The article above also remimds me of a bit of vampire lore: the US gets invitations to be let in.
The relations with empires have served the interests of certain elements of society within Latin America.
I heard that you break it you own it many times now.
Pretty sure it has not come true for the US anyway. The US seems really good at walking away after the inevitable implosion
The Venezuelans are predicting a Maine-type false flag event in Trinidad & Tobago, to justify the full-scale US attack.
Today I haven’t been able to access any stories at the Telesur English site. All lead to a page stating, “403 Forbidden.”
Michael Tracey twiXt:
“60 Minutes says there are only three possible outcomes in Venezuela: Maduro flees, gets captured by the US, or is assassinated.”
Hmmm. This situation is starting to look too much like Libya. And we all see where Libya is today — cold civil war without end, the torture chamber of Africa, all kinds of foreign interference. (And as the Italians keep pointing out, the decision to topple Ghaddafi has only made things worse for Italy.)
You break it? The U S of A has no interest in fixing things. Remember the pin-headed slogan: Creative Destruction !!!
PS: Brazil is the big unknown here. Bolsonaro Filho may or may not have a chance, at least not much of a chance till large gobs of mysterious money keep flowing in. Yet Brazil has a larger population than the rest of South America combined, and I’m wondering what kind of horsing around the U S of A is now involved in. The US of A has a bad record in dealing with Brazil (when Americans happen to remember that Brazil exists), and I doubt that anyone in the U.S. elites has a plan to deal with Brazil as an equal.
Not a surprise there, it is CBS. Ellison and Weiss’ bloody zionazi hands are now evident.
“I heard that you break it you own it many times now.”
Nonsense. Based on that the Germans should have owned London in WW2
To be fair, the British RAF and US Bomber Command bombed German cities pretty much to oblivion in WW2, and the US/UK have occupied and owned Germany every since and still have military bases there.
When all else is flailing and failing, there is always Mexico to Argentina to kick around. I am so old I remember the “Good Neighbor Policy.” Do you suppose Donnie ever heard of that? I look at this burst of activity in the “Near Abroad” as evidence that the empire is beginning to pull in its horns, lacking the means to sustain anything more than rhetorical … is there such a word as blusterical? … hegemony.

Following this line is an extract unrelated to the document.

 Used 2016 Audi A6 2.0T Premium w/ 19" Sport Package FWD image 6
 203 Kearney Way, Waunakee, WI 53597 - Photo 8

It amazes me how the US can turn countries into vassals with check kiting and bullsh*t. I suppose the implicit threat of a bullet to the head helps focus the attention. But do they really think nobody will ever be able to fight back?!?? These ghouls who give Maduro three choices, none of which is remaining in power as the democratically elected leader of his country, might want to stop and think before spouting off like that.
Lethal drones are everywhere now, and I doubt the US is the only force capable of assassinating their enemies.
These ghouls who give Maduro three choices, none of which is remaining in power as the democratically elected leader of his country, might want to stop and think before spouting off like that.
IIRC, US Presidents from Eisenhower to Obama said similar things about Fidel Castro. Former president Castro seems to have died of natural causes in 2016 at the age of 90 so that Donald Trump could move on to threaten someone else.
So the USS Gerald R. Ford is heading to/in the Caribbean, eh? Given the woeful state of the US Navy, will the vessel be able to escape the role of a bumbling klutz?